Using this wiki, it became clear to me that game and entertainment reference sites like it are perfect second-screen products. While you're watching or playing one media property (Lost, Fringe, World of Warcraft, Skyrim, Farmville, etc.), having a second device to whisper in your ear can improve the experience of watching the first screen--the TV or computer.

The second-screen experience isn't fully baked, though. When I'm immersed in Skyrim on my gaming PC, I have my laptop off to the side with the wiki open. Using two computers for one game is not an experience that most people can afford to replicate, and for TV shows it's awkward to balance a laptop on your knee. It's more likely that people who want to dip into a wiki while their computer or TV is displaying content would turn to a smartphone, or perhaps a tablet.

Wikia is improving on the mobile versions of its sites. It has some work to do; the current sites are serviceable but not that fast to use on a mobile. Mobile users are 15 percent to 20 percent of Wikia's traffic, Palmer told me.
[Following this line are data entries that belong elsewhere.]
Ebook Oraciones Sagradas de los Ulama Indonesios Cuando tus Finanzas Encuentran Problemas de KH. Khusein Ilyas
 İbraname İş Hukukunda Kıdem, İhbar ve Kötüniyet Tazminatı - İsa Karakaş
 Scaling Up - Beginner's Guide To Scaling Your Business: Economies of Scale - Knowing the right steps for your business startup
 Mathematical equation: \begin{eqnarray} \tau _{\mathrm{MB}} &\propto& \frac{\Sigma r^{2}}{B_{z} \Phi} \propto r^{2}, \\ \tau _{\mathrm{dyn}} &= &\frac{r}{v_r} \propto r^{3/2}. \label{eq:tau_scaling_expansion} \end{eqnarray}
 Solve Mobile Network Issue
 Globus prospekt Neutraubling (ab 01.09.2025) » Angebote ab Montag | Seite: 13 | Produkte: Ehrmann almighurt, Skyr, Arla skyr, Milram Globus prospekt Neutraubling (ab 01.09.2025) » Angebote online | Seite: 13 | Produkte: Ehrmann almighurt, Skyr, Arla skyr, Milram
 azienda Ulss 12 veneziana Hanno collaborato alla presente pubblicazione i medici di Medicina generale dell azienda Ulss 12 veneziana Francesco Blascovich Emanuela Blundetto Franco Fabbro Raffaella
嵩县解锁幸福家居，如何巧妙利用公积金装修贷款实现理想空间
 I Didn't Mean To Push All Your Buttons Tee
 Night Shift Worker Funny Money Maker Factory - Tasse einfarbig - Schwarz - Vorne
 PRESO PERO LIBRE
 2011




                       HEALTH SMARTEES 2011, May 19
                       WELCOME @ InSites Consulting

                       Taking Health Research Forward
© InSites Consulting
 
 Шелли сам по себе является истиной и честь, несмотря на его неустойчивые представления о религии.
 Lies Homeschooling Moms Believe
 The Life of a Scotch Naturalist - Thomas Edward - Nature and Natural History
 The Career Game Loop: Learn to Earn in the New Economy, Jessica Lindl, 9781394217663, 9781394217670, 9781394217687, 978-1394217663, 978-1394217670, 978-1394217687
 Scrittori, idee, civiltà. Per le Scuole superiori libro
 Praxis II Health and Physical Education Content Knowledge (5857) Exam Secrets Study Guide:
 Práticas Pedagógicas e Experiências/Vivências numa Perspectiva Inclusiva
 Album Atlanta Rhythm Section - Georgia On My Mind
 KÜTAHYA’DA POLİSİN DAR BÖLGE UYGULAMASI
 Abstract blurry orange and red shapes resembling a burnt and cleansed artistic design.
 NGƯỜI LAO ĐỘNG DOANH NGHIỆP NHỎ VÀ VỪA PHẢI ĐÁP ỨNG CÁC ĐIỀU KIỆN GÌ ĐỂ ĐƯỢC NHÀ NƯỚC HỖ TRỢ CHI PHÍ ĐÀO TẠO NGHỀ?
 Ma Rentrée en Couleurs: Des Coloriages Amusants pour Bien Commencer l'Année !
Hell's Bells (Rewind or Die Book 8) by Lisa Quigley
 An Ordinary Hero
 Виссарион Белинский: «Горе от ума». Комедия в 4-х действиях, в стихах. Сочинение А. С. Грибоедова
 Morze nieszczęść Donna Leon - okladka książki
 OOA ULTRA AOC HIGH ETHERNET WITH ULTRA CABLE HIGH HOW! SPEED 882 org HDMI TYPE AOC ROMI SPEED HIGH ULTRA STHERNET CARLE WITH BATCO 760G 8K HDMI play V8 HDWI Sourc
More interesting is what you can do with Wikia content on a mobile device, besides just making it pretty. Why do I have to type in "Winterhold" when I visit that town in Skyrim and want more info? Why must a user type "Polar bears" in the Lostopedia when they're watching an episode where they appear?

Wikia is evaluating audio fingerprinting and watermarking technology for future mobile apps. The idea is that while you're consuming some first-screen entertainment content, your second screen (your mobile) could automatically go to relevant wiki content based on that, without requiring much, or any, input from you.

Wikia CEO Craig Palmer Rafe Needleman/CNET

Palmer told me that the IntoNow audio fingerprint technology that Yahoo acquired is open and could be used for this. Or, he could get somewhat better accuracy with Nielsen's TV watermarking technology that identifies shows with a subaudible beacon that a mobile device can pick up. The old version of this tech just identified the show; the new version includes timecode data from very precise tracking, Palmer says.

Wikia already has a solid (for now at least) content strategy: Its expert editors kick-start wikis for major properties, like new big games, and then the users fill in the rest. The content is from passionate fans, and it's constantly refined by them, just as on Wikipedia. Nobody pays for, or gets paid for, Wikia's content--except Wikia itself, which collects advertising revenue. It's a more efficient model than "professional" content.

Wikia has executed well on that part of its strategy so far. The next step should be new mechanisms for delivering this content to the most passionate consumers: Better presentation on mobile devices as well as a mechanism, as I just described, to make wikis more responsive to what users are doing on their primary screens.

Bonus tidbit: The Shopkick app also listens for a subaudible beacon. That's how your phone knows when you walk into a store that has Shopkick offers.